Schimmelpfennig hat bei der Uraufführung selbst Regie geführt. Wie schon in anderen seiner Stücke sind Szenenbeschreibungen versetzt mit Dialogen. Es gibt keine festen Rollenzuweisungen. Drei Schauspielerinnen und drei Schauspieler verschiedenen Alters („Frau/Mann um die Vierzig/Fünfzig/Sechzig“) sprechen den Text, wobei manche Sätze drei Mal wiederholt werden. Es gibt keine Individuen und keine Helden in diesem Jedermann-Stück, wie es Schimmelpfennig nennt. Das Drama des Kindstodes wird aus verschiedenen Perspektiven betrachtet – eine Analyse, wie es zu so einer Tragödie in unserem Leben kommen kann, aber auch eine Demonstration unserer Machtlosigkeit. Dadurch, dass mehrere Personen abwechselnd bestimmte Rollen (Vater, Mutter, Bauarbeiter, Lehrerinnen) übernehmen, will Schimmelpfennig das entsetzliche Unglück vermitteln, ohne in Betroffenheitstheater zu verfallen.

Zu dem Puzzle von Eindrücken gehören auch die Szenen mit den drei Bauarbeitern, die fünfzehn Meter unter der Erde einen Tunnel graben und sich über die CERN-Röhre in der Schweiz unterhalten und das „Leben oben“ belauschen. Der Glöckner betrachtet das Geschehen aus der Vogelperspektive und erlebt so Märchenhaftes wie den Leguan auf der Brüstung oder den – gerade überfahrenen – Jungen, der zu ihm hinauffliegt.

Der Autor hat eine Vorliebe für Anspielungen auf Mythen und Fabeln. Im Goldenen Drachen war es die Fabel von der Ameise und der Grille. Im Fliegenden Kind wird immer wieder der schwarze Wagen beschworen, der durch die Nacht fährt und unsere Kinder holt.

Johannes Schütz hat der Thematik entsprechend einen in Grau gehaltenen schlichten Bühnenraum mit drei verschieden großen Glocken und einigen Stühlen entworfen. Requisiten wie die bunten Papierlampions der Kinder werden sparsam eingesetzt. Die Schauspieler (Christiane von Poelnitz, Regina Fritsch, Barbara Petritsch, Peter Knaack, Falk Rockstroh, Johann Adam Oest) sind allesamt grandios und nur deshalb trägt der Abend, dessen zahlreiche Wiederholungen ermüdend wirken.

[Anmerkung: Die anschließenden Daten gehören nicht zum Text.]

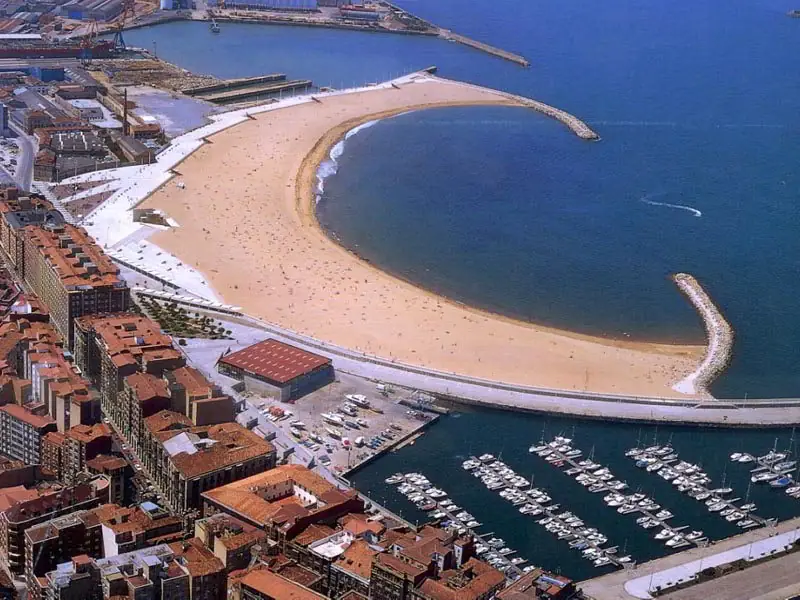 playa de poniente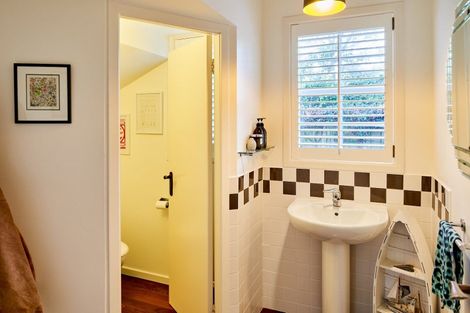 Photo of property in 25 Cheviot Road, Lowry Bay, Lower Hutt, 5013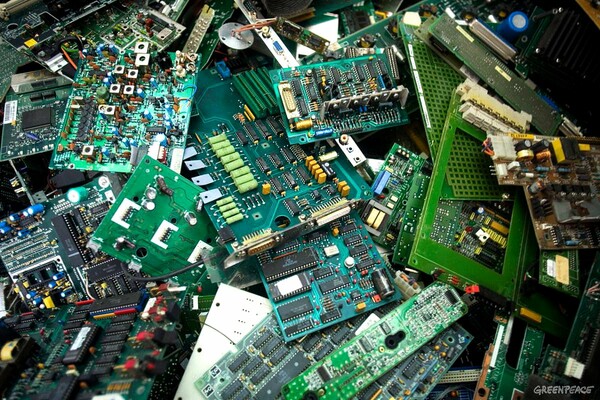 Ελλιπής η ανακύκλωση ηλεκτρονικών αποβλήτων στην Ε.Ε.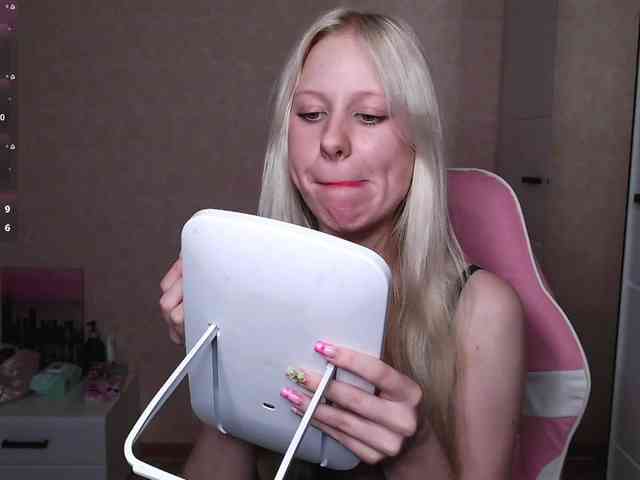 Mary-Kitty webcam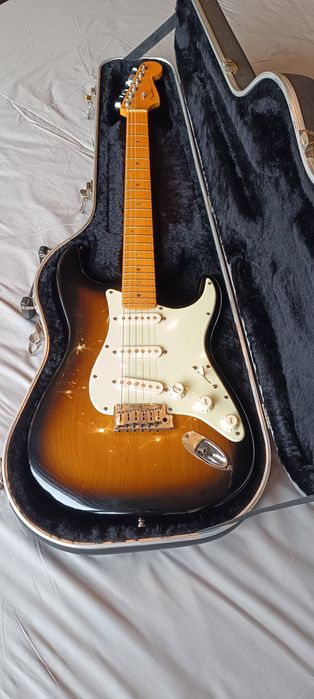 American Deluxe Stratocaster® “V” Neck (2004-2010)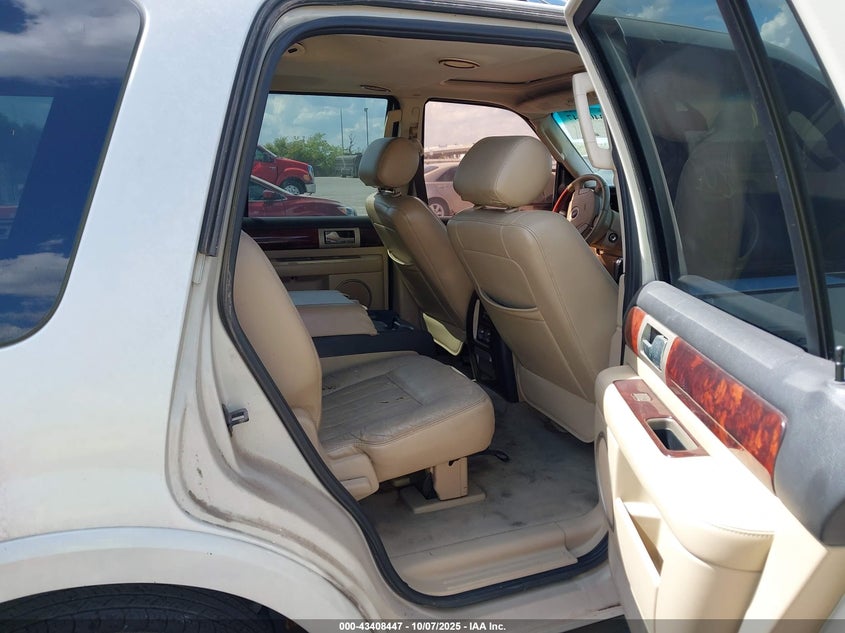 2006 Lincoln Navigator Luxury/Ultimate VIN: 5LMFU27506LJ14351 Lot: 43408447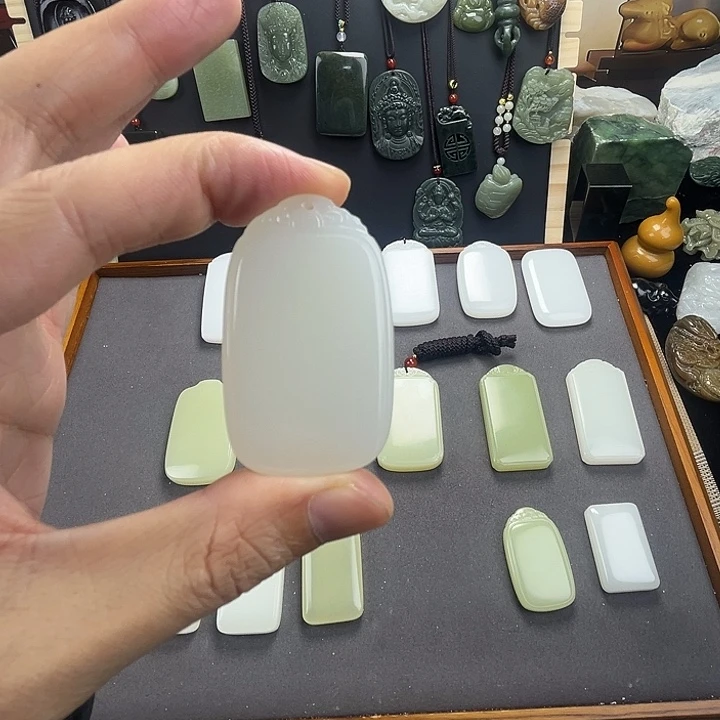 翁***生玉暖白三五圆头无事牌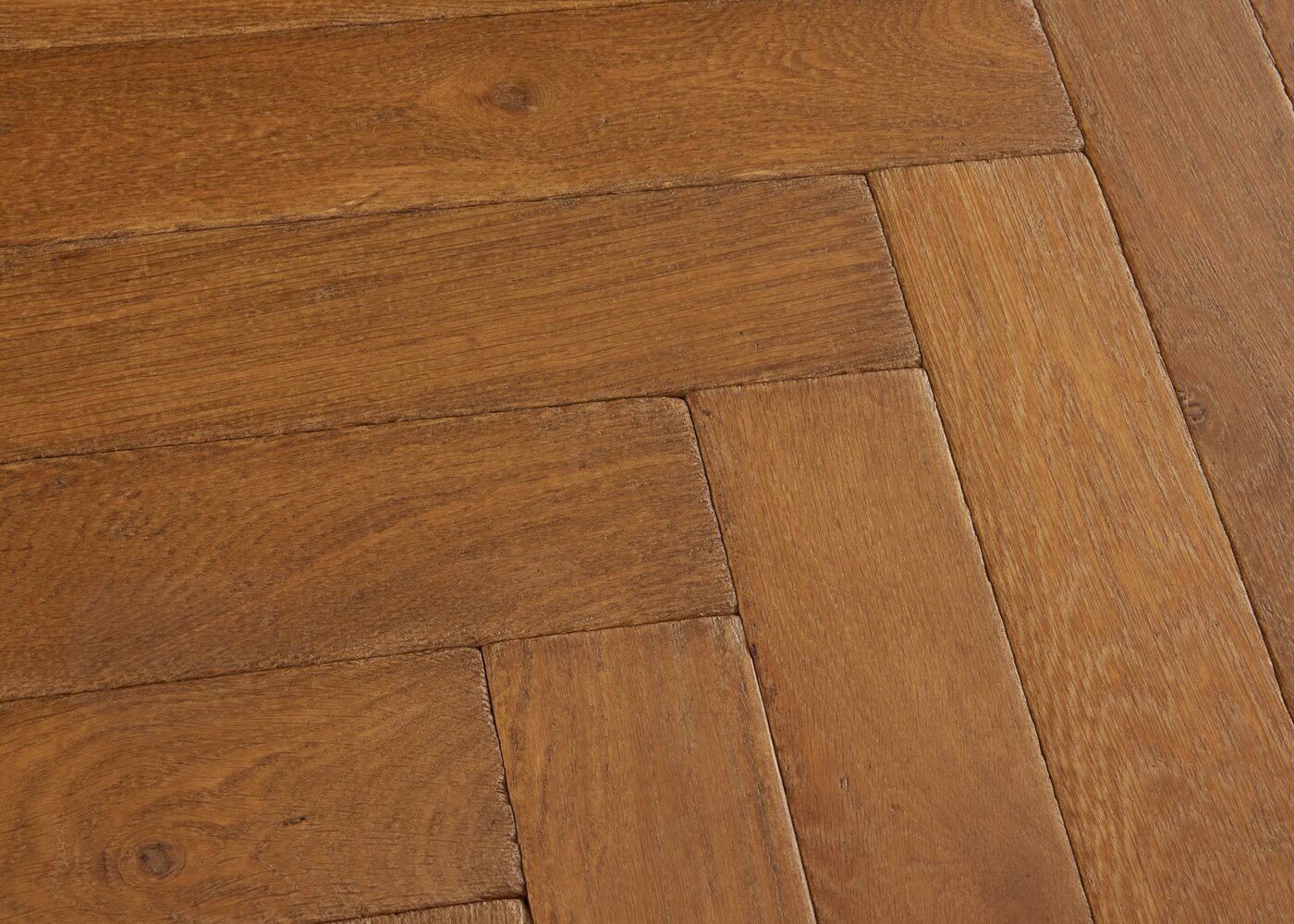 Parquet chêne massif MERIDIEN Bâton rompu Élégance vieilli accentué 14x90x600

Bewegend die Szene mit dem Türmer, der den Glocken leise Klänge entlockt, als das Kind (oder seine Seele?) auf der Kirchturmbrüstung sitzt und er ihm sein Leben – wie es hätte sein können – ausmalt: mit Klassenfahrt, Schulabschluss und einer eigenen Familie in ferner Zukunft. Dann steht die Zeit still. Das Kind stürzt in die Tiefe und sieht noch einmal „trotz der Dunkelheit die Welt bis in die kleinste Einzelheit“. Märchenhaft und doch auch real.

Ein großes Lob dem Ensemble und dem Regieteam.